Cisco 9800 WLC Client Disconnections

wirelesslab.io
10 min readFeb 13, 2024

--

Client disconnections are one of the most common issues in an enterprise wireless network. This article will cover how to troubleshoot and fix some of the most commonly seen problems on Cisco 9800 Wireless LAN Controller. Most of the problems mentioned here are also applicable to the old AireOS WLCs.
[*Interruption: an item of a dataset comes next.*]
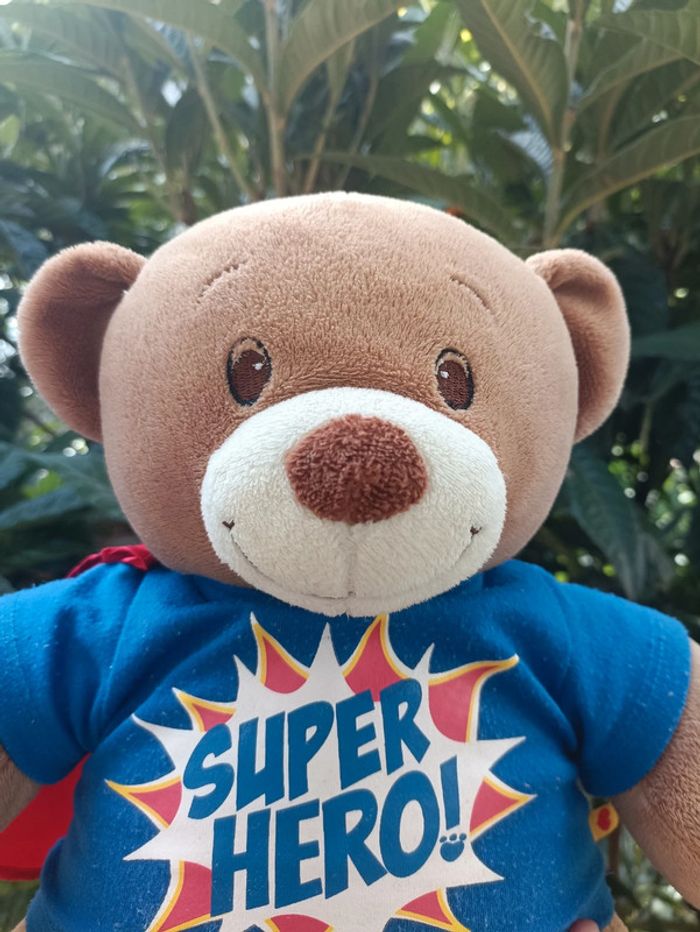 Peluche nounours super héros du magasin build a bear workshop. - photo numéro 3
Common Issues & Best Practices

1. Session Timeout

Recommendation:

  • Session timeout = 3600 seconds

Session timeout is a time after which the client is going to be kicked out of the network and forced to re-authenticate. On older releases of Catalyst 9800 WLC, this value is by default set to 1800 seconds (30 minutes), which is very aggressive and forces many unwanted disconnections throughout the work day. Newer releases increased default value to 43200s (12 hours).
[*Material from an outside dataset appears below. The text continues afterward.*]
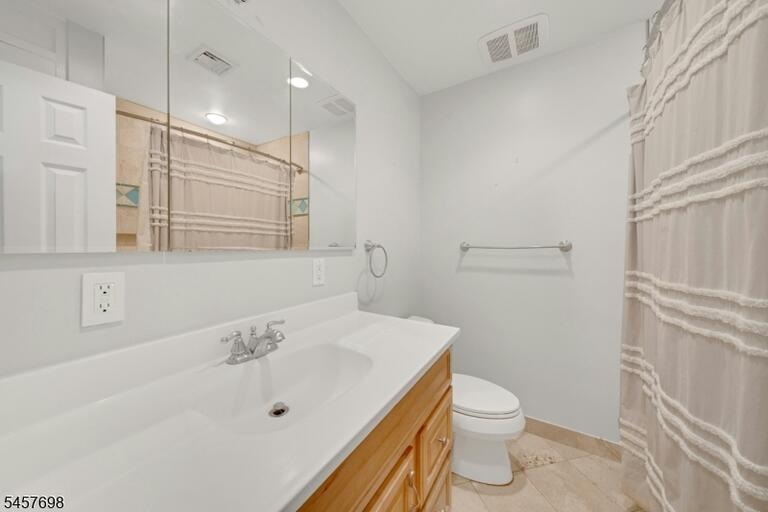 Property listing MLS 4050077 photo 24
Setting the value to 0 does not mean that session timeout is infinite and is not recommended as it can stop clients from performing fast roams on certain 9800 releases.

However, it is recommended to increase this value to 1 day (86400 seconds). This can be done via CLI under the policy profile config:

configure terminal
wireless profile policy <Policy-profile-name>
session-timeout 3600

or via webUI:

2. Idle Timeout

Recommendation:

Idle timeout = 3600 seconds

Idle timeout represents the time after which the client is kicked out of the network if it doesn’t send any data. By default, this value is set to 300 seconds (5 minutes), which is, again, too aggressive. Many client devices, especially phones, tend to go to sleep longer than 5 minutes, resulting in very frequent idle timeouts.
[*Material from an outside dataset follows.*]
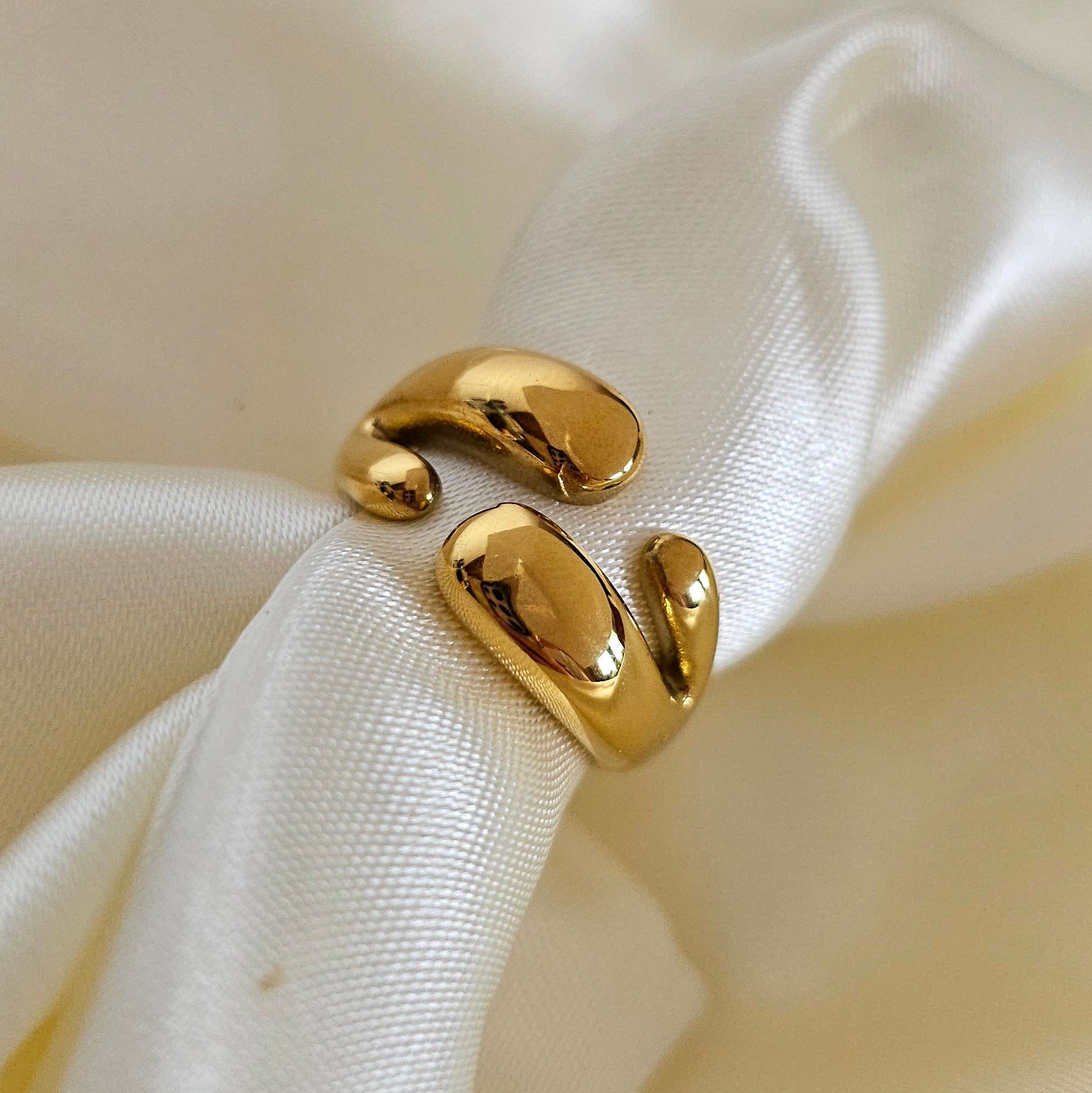 Esra Ring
Once the client ungracefully leaves the network, their stale entry can remain on the WLC for the duration of the idle timeout, which is why it is not recommended to increase this value too much. It is recommended to increase this value to 3600 seconds (1 hour).

It can be changed under policy profile using the commands:

conf t
wireless profile policy <Policy-profile-name>
idle-timeout 3600

or via webUI:

3. Fast Roaming (802.11r) & OKC

Recommendation:

  • FT = Enabled
    Over the DS = Disabled
  • Auth Key Mgmt = 802.1x & FT+802.1x
    OKC = Enabled

Without fast roaming protocols, moving between 2 access points will result in your client device performing a full authentication process. For open and PSK secured networks, this is fine, as these types of authentication are generally fast. However, for dot1x secured networks, full authentication can take upwards of 1 second. This means that every time your client changes AP, you will experience 1s+ gap, which can be very noticeable if a user was on a voice/video call.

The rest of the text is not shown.